Panera first announced its plan to cut all artificial ingredients in May 2015. With the completion of its promise, Panera became the first national chain to complete such as overarching commitment.
Over the last two years, going at least partially “clean” has become almost expected in the restaurant industry.
McDonald’s has recently replaced margarine for butter in its breakfast sandwiches and cut artificial ingredients from McNuggets. As of July, Papa John’s is exclusively using poultry raised without antibiotics and fed a vegetarian diet for grilled-chicken pizza toppings and chicken poppers. And, in 2015, Taco Bell cut all artificial ingredients from the menu, except those used in co-branded products like Doritos Locos Tacos.

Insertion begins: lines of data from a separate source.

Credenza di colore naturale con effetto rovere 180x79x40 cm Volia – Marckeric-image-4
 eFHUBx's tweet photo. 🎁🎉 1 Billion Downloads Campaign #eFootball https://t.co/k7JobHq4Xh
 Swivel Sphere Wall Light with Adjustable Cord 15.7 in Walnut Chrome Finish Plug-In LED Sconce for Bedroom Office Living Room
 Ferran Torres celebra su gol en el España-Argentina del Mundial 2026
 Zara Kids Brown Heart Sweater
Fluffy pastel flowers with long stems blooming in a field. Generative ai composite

While Shaich believes chains’ decisions to cut some artificial ingredients are “better than nothing,” he thinks that certain chains are “watering down” the value of the term clean by not fully banning artificial ingredients altogether.
“That destroys it for all of us,” Shaich said.
There also is no industry-wide definition of what “clean” food is, which complicates things, according to Shaich.
“We would prefer [clean] to be a defined term,” he said.
Emphasising that some menu items are “clean” and “all-natural,” instead of cutting all artificial ingredients or focusing on hard nutritional figures, gives chains more flexibility with what fits under the umbrella of healthy — something that Shaich believes can weaken the power of the phrase.
Ultimately, Shaich says that customers can discern between chains that only go “halfway” and those that commit fully to a clean menu.
Further, he says that Panera’s clean menu policy isn’t about the competition. It’s about looking beyond the current trends to better understand what customers want next.
“It’s gratifying to know that the bets that you made generally played out to be wise bets,” said Shaich. “What I’m paid to do as CEO, what the leadership at Panera spends its time working on, is figuring out where is the world going to be for our guests in the next two to five years, and making sure Panera is there when it gets there. They don’t pay us to react to yesterday.”